____ LISTED RECORDS

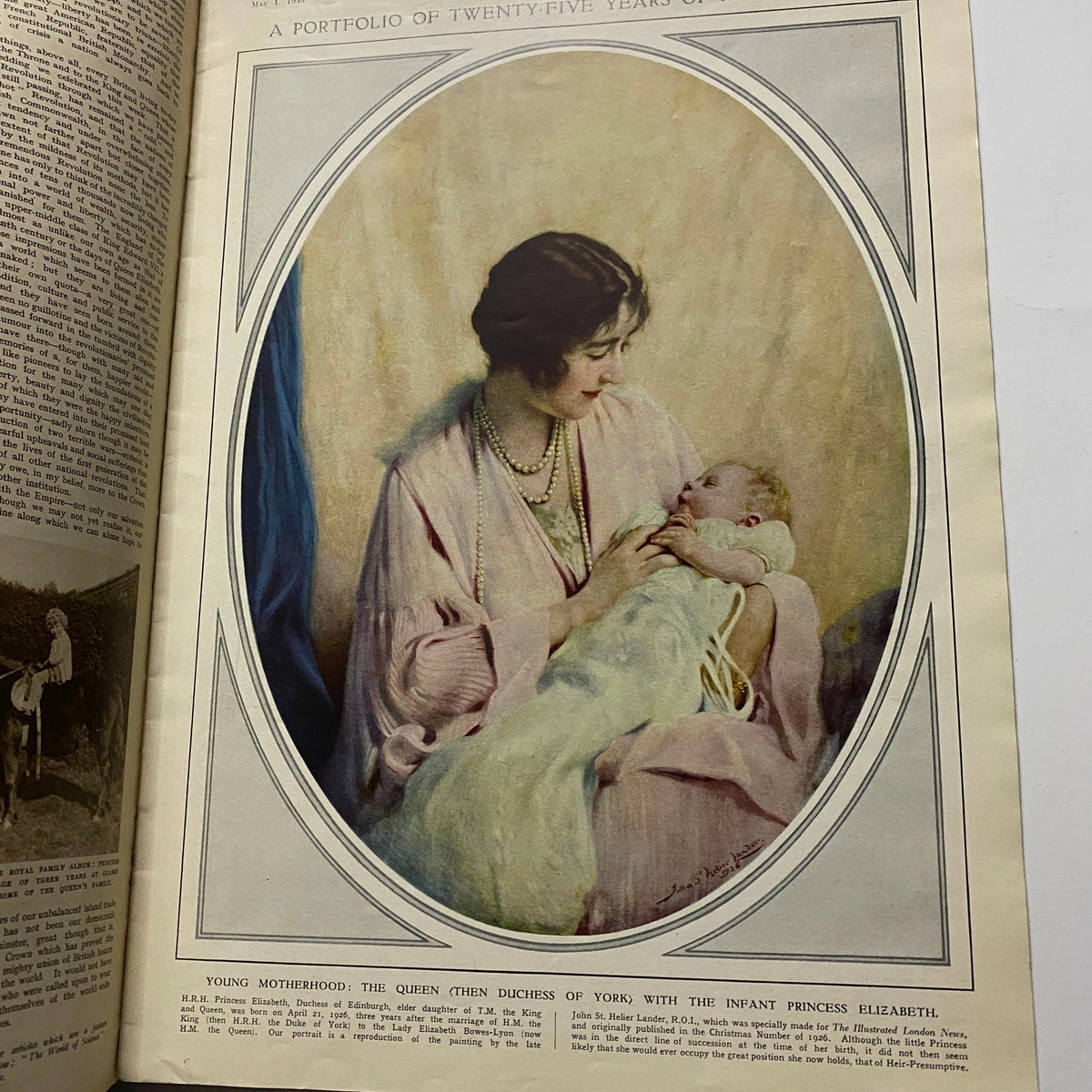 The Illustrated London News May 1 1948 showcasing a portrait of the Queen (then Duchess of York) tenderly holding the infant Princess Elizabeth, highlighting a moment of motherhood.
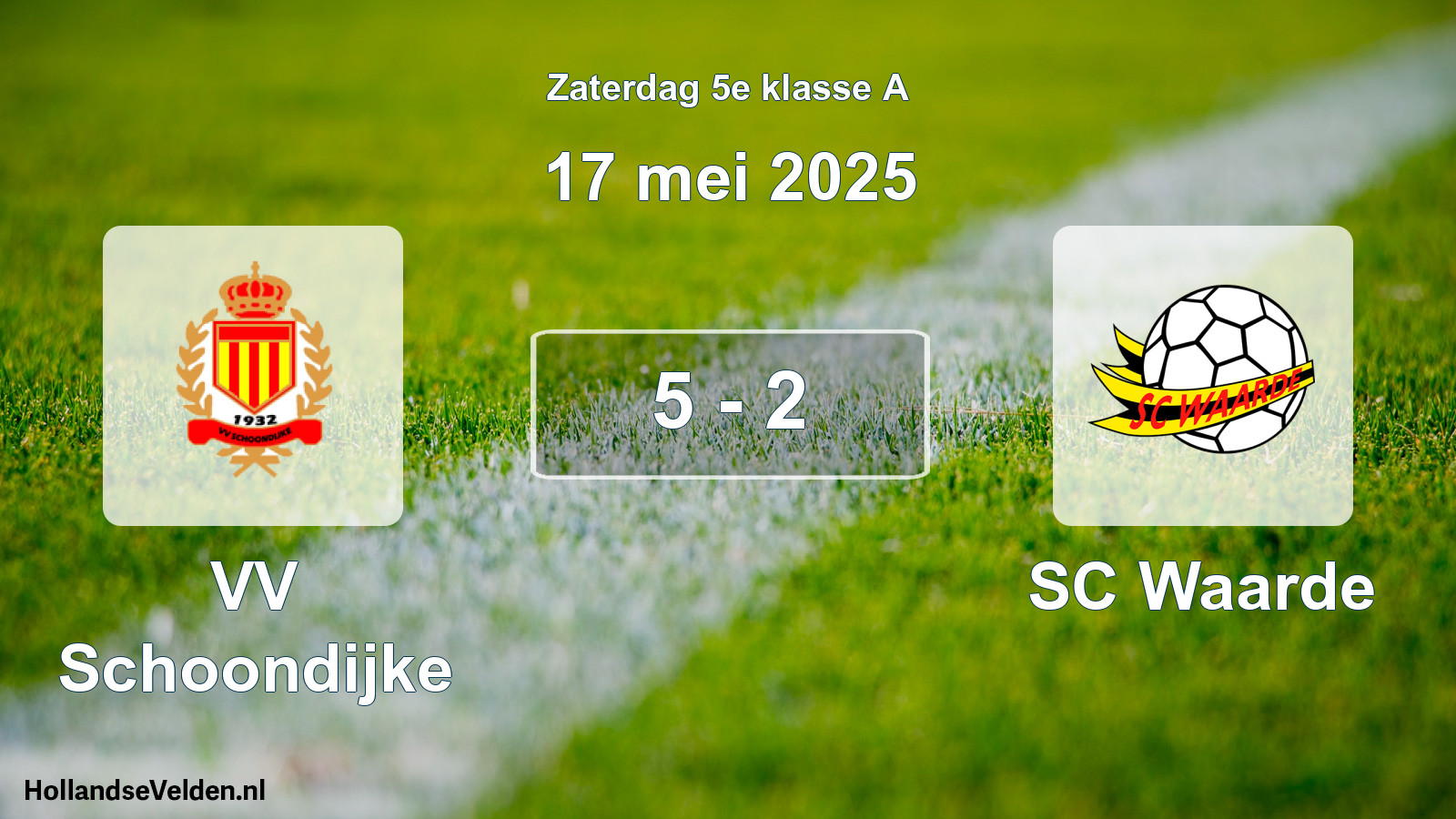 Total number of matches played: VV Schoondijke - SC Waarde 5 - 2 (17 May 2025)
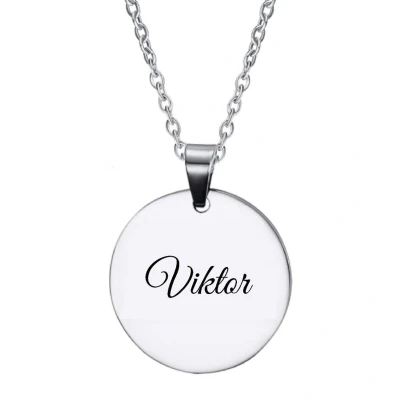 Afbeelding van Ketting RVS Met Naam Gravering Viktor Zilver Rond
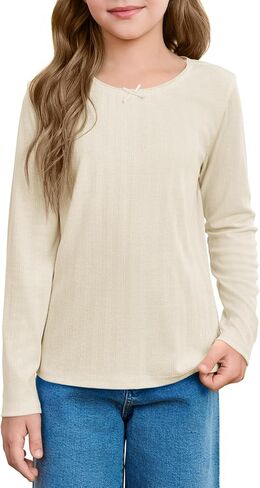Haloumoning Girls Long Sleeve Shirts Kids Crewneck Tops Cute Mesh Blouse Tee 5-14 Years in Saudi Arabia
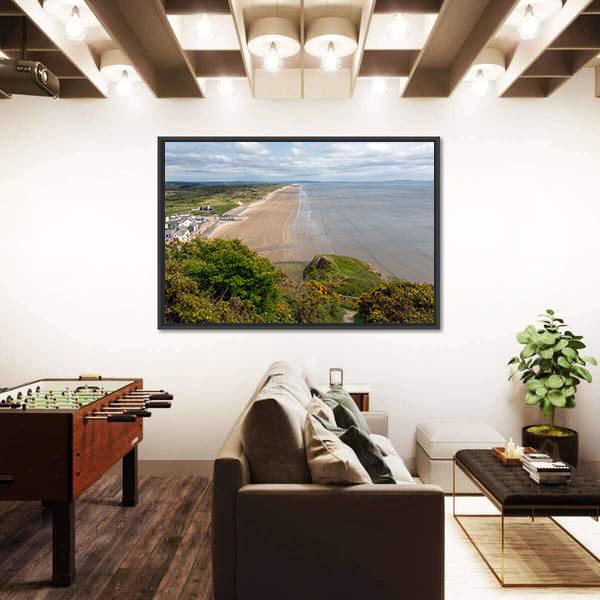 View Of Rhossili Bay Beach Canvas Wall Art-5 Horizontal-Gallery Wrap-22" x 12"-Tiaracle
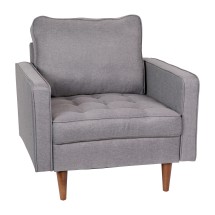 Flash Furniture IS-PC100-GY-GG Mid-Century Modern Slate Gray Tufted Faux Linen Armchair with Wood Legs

________
____ LISTED RECORDS

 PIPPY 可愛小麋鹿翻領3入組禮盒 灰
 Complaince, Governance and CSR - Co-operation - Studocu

________
____ LISTED RECORDS

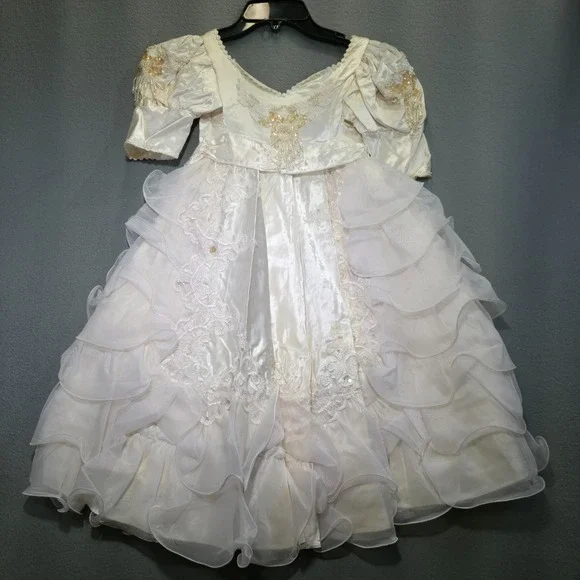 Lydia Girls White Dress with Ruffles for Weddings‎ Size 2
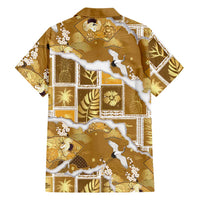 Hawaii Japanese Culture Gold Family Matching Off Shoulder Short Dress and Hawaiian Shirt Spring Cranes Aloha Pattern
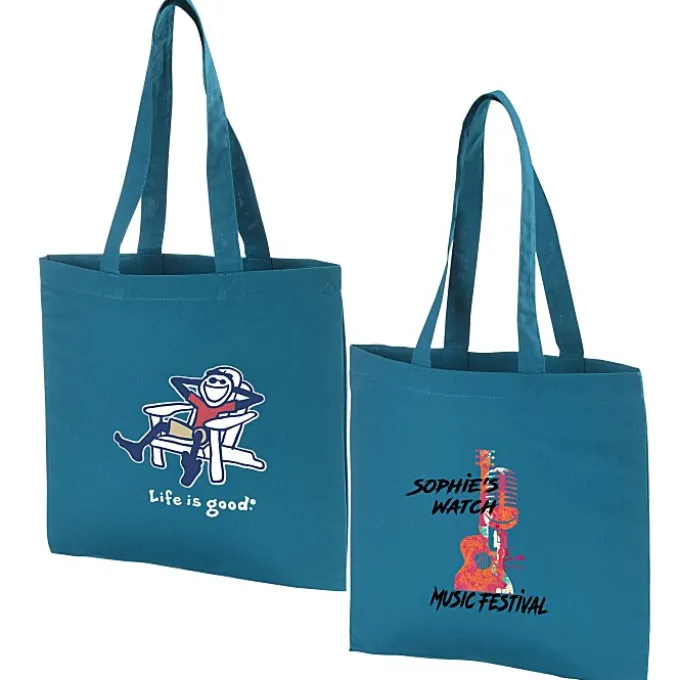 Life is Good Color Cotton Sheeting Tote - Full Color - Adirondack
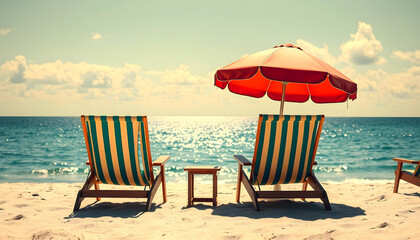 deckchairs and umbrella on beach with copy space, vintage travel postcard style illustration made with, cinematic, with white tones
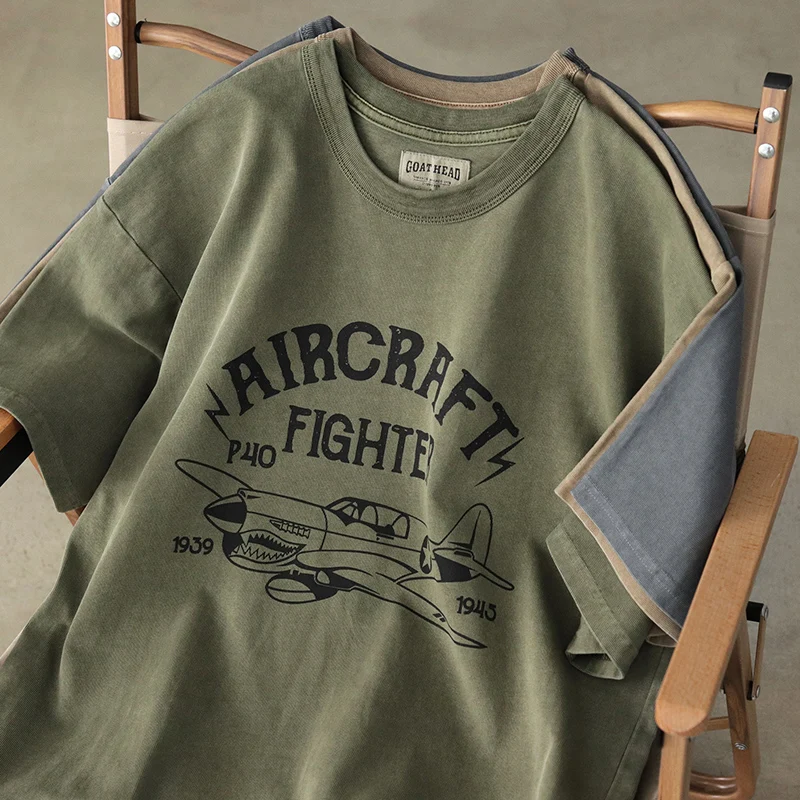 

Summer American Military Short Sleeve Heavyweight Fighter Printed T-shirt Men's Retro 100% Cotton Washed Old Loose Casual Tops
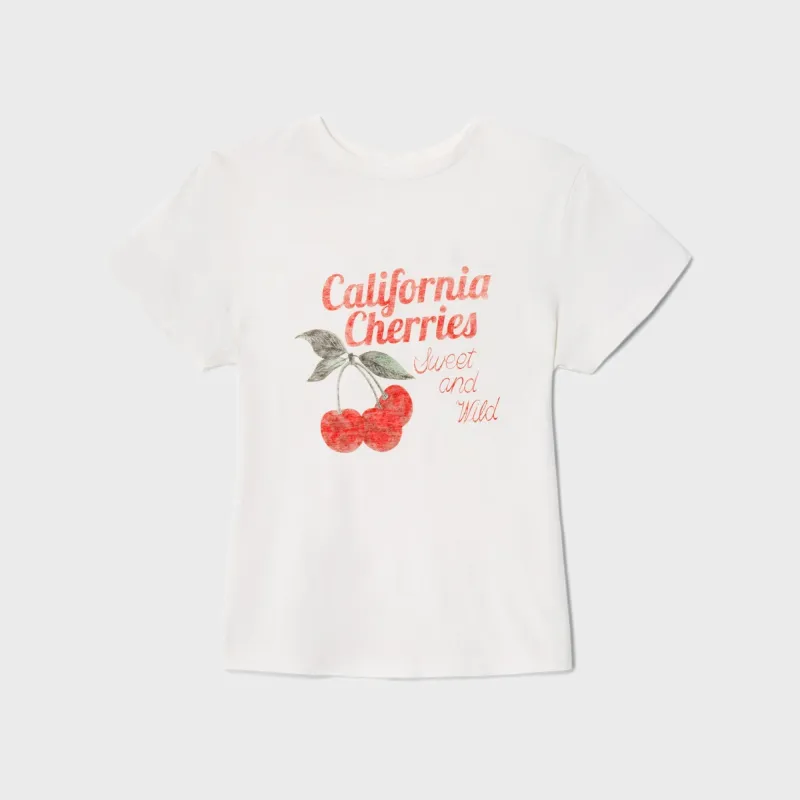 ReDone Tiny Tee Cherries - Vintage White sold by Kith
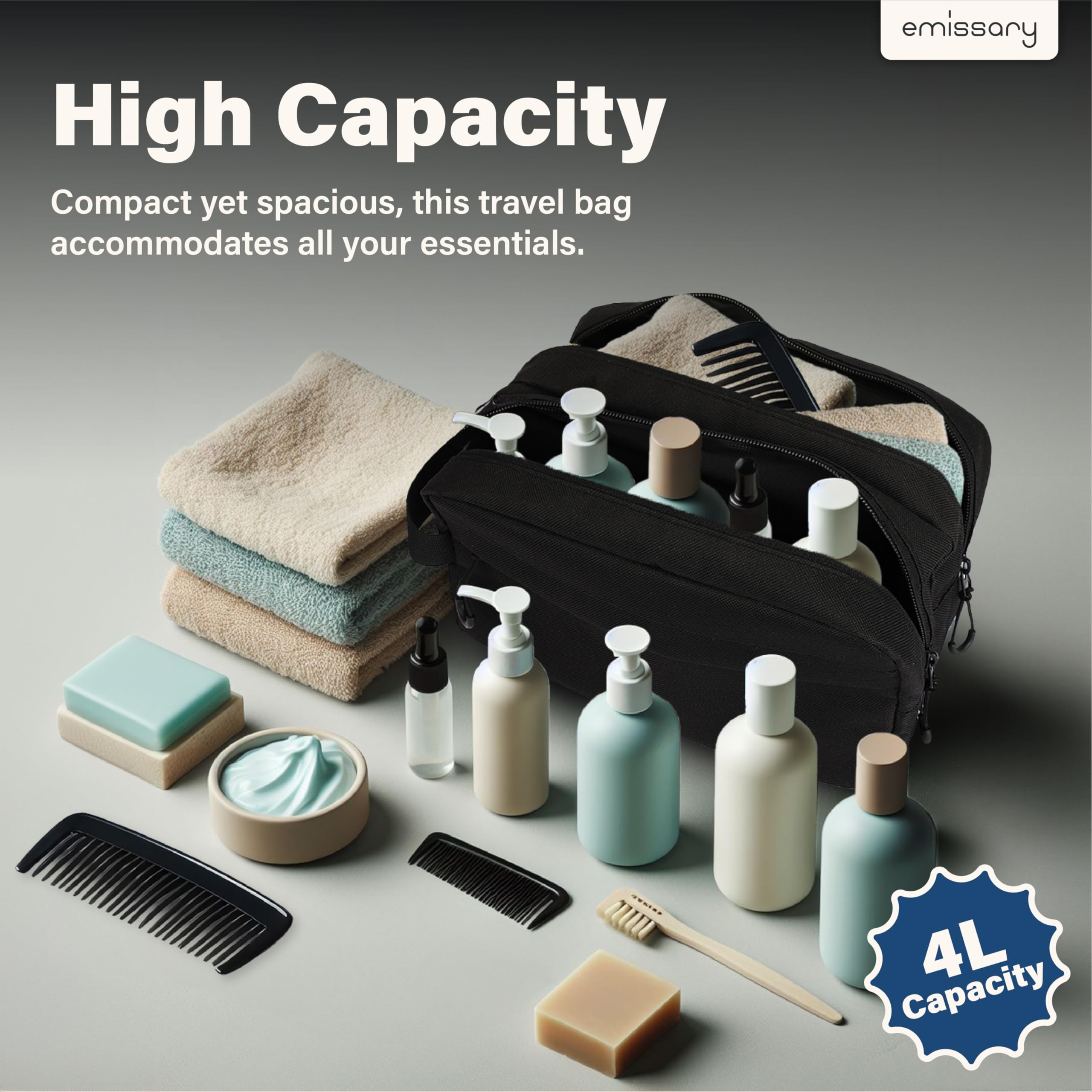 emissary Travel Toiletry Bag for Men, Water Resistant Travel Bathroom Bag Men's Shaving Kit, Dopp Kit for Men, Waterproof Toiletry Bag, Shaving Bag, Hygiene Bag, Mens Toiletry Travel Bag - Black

________

- **PROBLEM STATEMENT**:
Repeat exactly the stretch of the listing above that starts with the line holding "Afbeelding van Ketting" and finishes with the line holding "View Of Rhossili", both included. Skip every picture.

- **WORKED SOLUTION**:
 Afbeelding van Ketting RVS Met Naam Gravering Viktor Zilver Rond
Haloumoning Girls Long Sleeve Shirts Kids Crewneck Tops Cute Mesh Blouse Tee 5-14 Years in Saudi Arabia
 View Of Rhossili Bay Beach Canvas Wall Art-5 Horizontal-Gallery Wrap-22" x 12"-Tiaracle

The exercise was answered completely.